Materials provided →

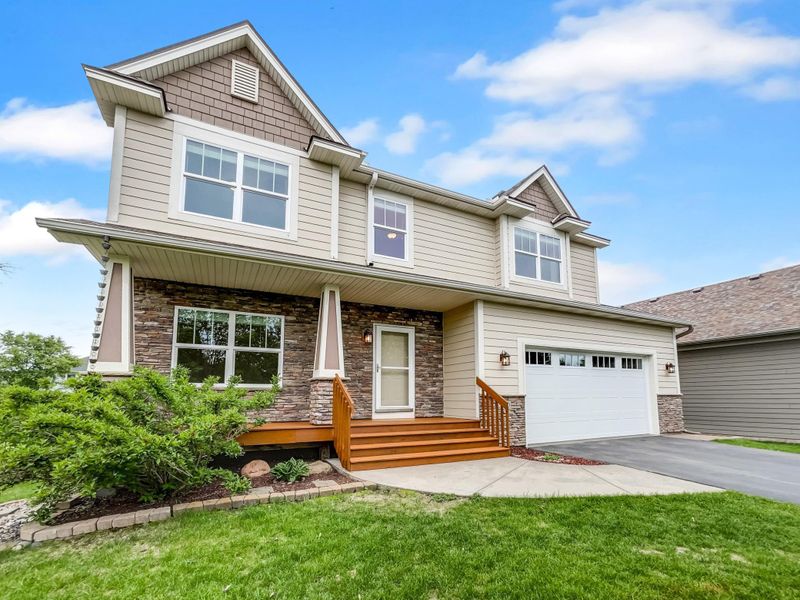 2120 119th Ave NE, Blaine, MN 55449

==

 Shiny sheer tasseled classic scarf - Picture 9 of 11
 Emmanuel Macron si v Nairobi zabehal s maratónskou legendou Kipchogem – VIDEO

What you have to do → Going back over the entries above, copy word for word every line from the one that has "Shiny sheer tasseled" on through the one that has "Emmanuel Macron si".

Output below →
 Shiny sheer tasseled classic scarf - Picture 9 of 11
 Emmanuel Macron si v Nairobi zabehal s maratónskou legendou Kipchogem – VIDEO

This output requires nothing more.